Argumento foi usado para diminuir a pena de homem que matou vizinho por ter envenenado os cães dele


Em um julgamento realizado na comarca de Tatuí, no interior de São Paulo, o réu Moacir Soares da Silva estava respondendo pelo crime de homicídio duplamente qualificado após ter disparado tiros contra o vizinho da chácara onde ele trabalhava como caseiro. O crime, ocorrido em agosto de 2010, teria sido motivado pela suspeita do morador ter envenenado os seis cães que viviam com Moacir.

De acordo com o réu, no dia do crime os cães estavam vomitando sangue e ele havia visto o vizinho com carne moída e uma faca nas mãos, o que o levou a crer que o morador teria sido o responsável pelo envenenamento. Ao ver a cena, Moacir pegou um revólver e atirou no vizinho.

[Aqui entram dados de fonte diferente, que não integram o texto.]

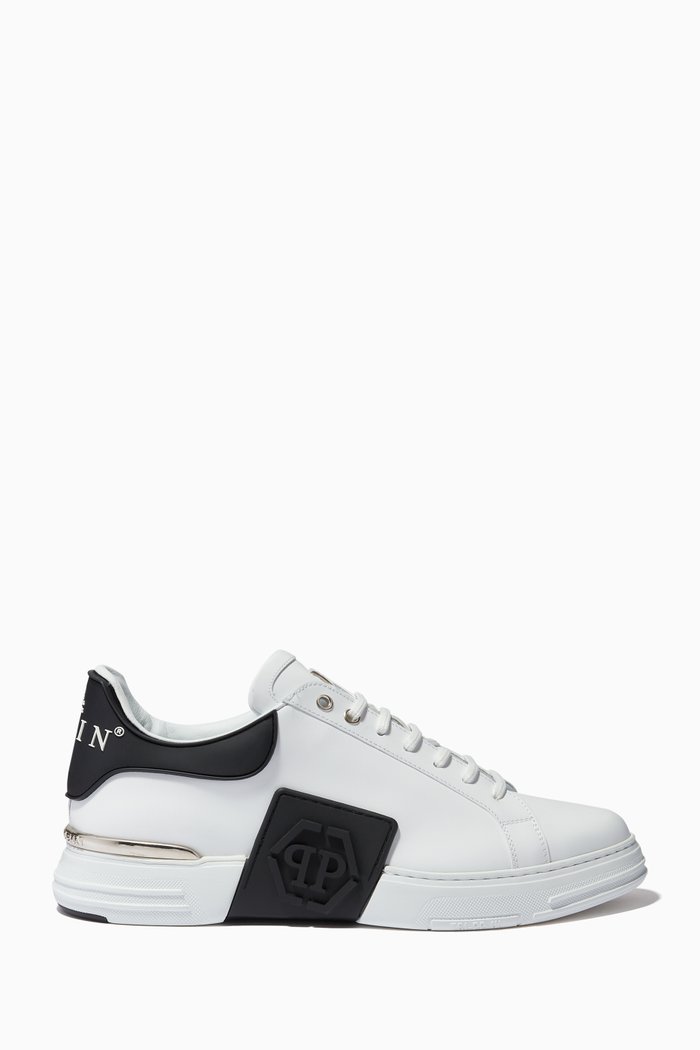 

Phantom Kick$ Lo-top Sneakers in Rubberised Leather, White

O caseiro foi preso e permaneceu em cárcere até janeiro de 2011, quando conseguiu liberdade provisória. Ano passado, um habeas corpus que permitia que ele respondesse em liberdade foi negado sob a alegação de que ele oferecia perigo à sociedade por ter cometido um homicídio por motivo torpe. Com isso, ele foi preso novamente.

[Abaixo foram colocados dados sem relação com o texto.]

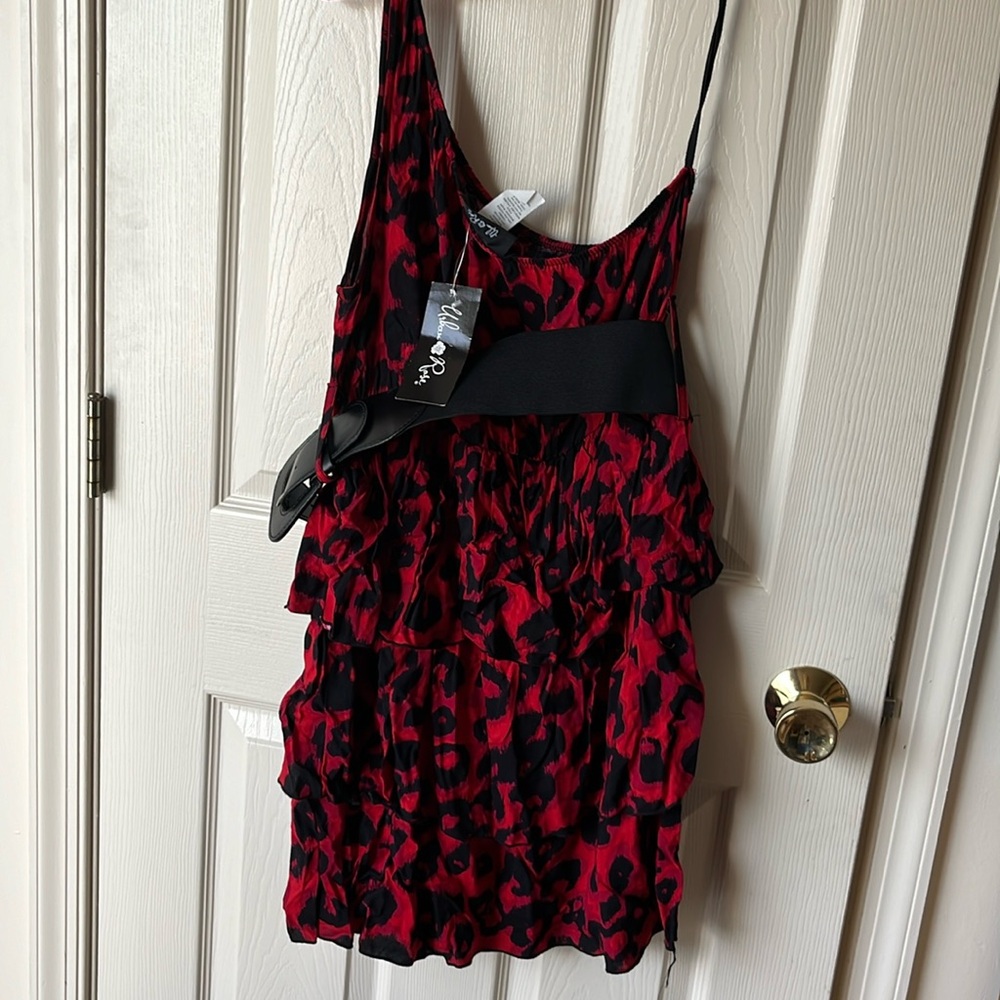 One strap dress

Ilustração da deusa justica Themis

Foto: Depositphotos

Outro julgamento, entretanto, ocorreu no dia 26 de abril passado, e Moacir foi condenado a oito anos de prisão pelo crime de homicídio privilegiado (motivado por uma forte emoção ou provocações injustas da vítima).

O advogado de Moacir, Paulo Cesar Bernardo, acredita que os jurados consideraram que o crime foi cometido sob uma forte emoção em decorrência do réu ter presenciado a morte dos animais os quais ele convivia e mantinha um vínculo familiar. “É a primeira vez na jurisprudência brasileira, que se equipara a relação homem e animal à relação paterna”, contou o advogado em um relato no site Jusbrasil.

“Além da conquista jurisprudencial, existe a conquista legislativa. Com o aumento do número de casos em que animais são equiparados com seres humanos, aumenta as chances de termos alterações na Legislação vigente com uma lei que trate os animais como seres portadores de direitos.”

Moacir irá cumprir sua pena em regime fechado com possibilidade de liberdade após completar um sexto da pena. Todo o período que ele já passou preso será descontado de sua pena total.

Com informações de ANDA e Jusbrasil.